[[ Source material, beginning ]]

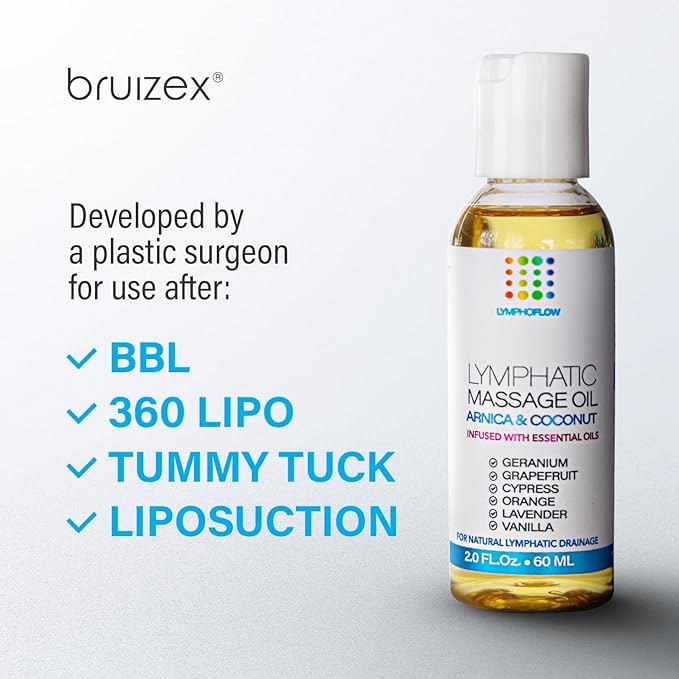 Bruizex Lymphatic Drainage Massage Oil: Arnica and Coconut Oil for Manual Lymph Drainage & Post Surgery Recovery for Liposuction, 360 Lipo, BBL,Tummy Tuck, Lymphedema, Lipedema, Lipo Foam- 2.0 oz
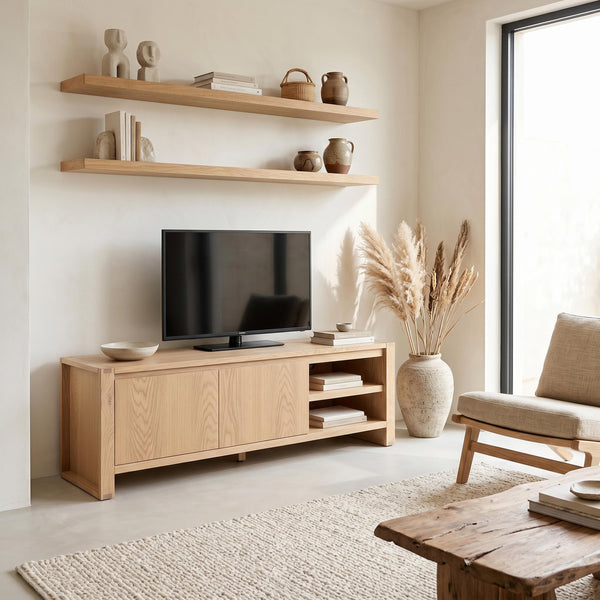 Richmond Set of Pine Coffee Table, End Table & TV Unit - Natural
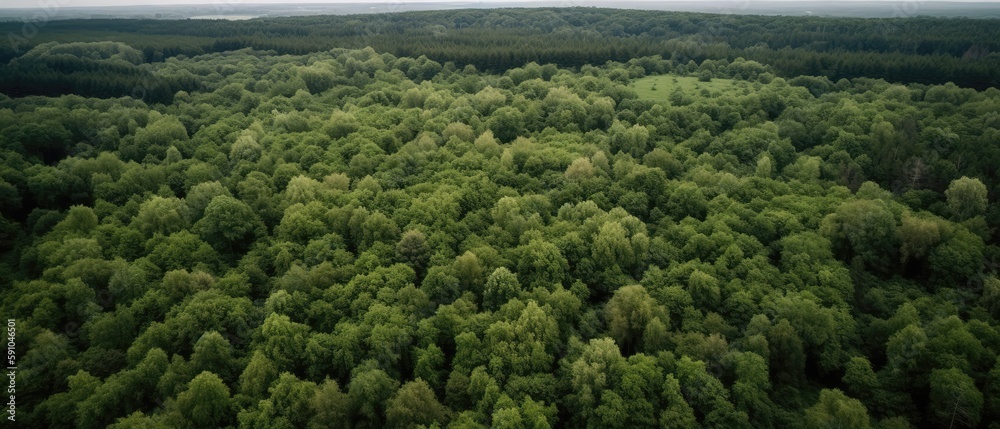 Poster beautiful bird's-eye view of the rainforest.aerial view. panoramic shot. generative ai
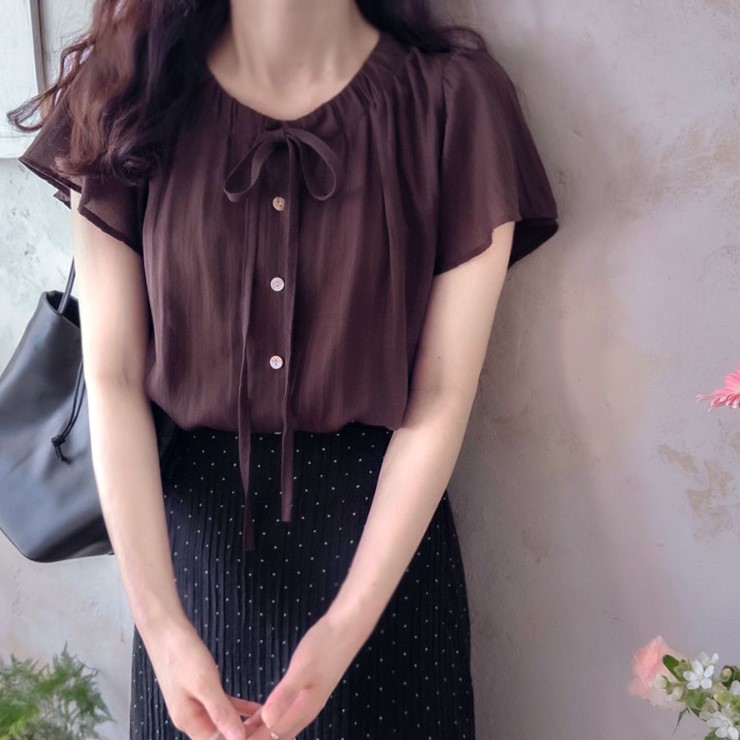 My girl秋季新款韩国代购流行时尚百搭简单纯色甜美可爱淑女衬衫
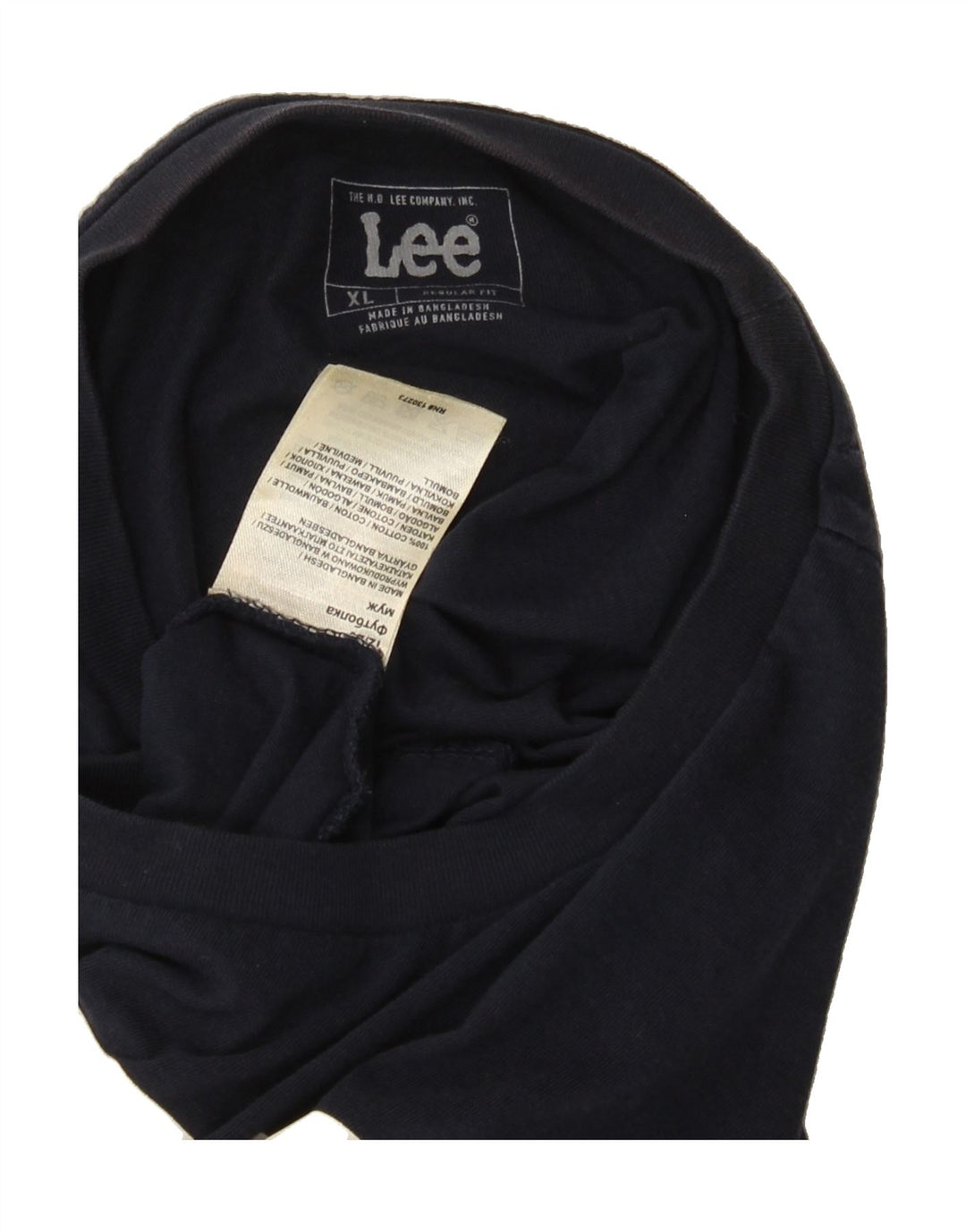LEE Mens Graphic T-Shirt Top XL Navy Blue Cotton Vintage Lee and Second-Hand Lee from Messina Hembry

[[ Source material, end ]]

(Work to be completed): If pictures appear in the data, do not print them; repeat the rest exactly.

(Task result):
 Bruizex Lymphatic Drainage Massage Oil: Arnica and Coconut Oil for Manual Lymph Drainage & Post Surgery Recovery for Liposuction, 360 Lipo, BBL,Tummy Tuck, Lymphedema, Lipedema, Lipo Foam- 2.0 oz
 Richmond Set of Pine Coffee Table, End Table & TV Unit - Natural
 Poster beautiful bird's-eye view of the rainforest.aerial view. panoramic shot. generative ai
 My girl秋季新款韩国代购流行时尚百搭简单纯色甜美可爱淑女衬衫
LEE Mens Graphic T-Shirt Top XL Navy Blue Cotton Vintage Lee and Second-Hand Lee from Messina Hembry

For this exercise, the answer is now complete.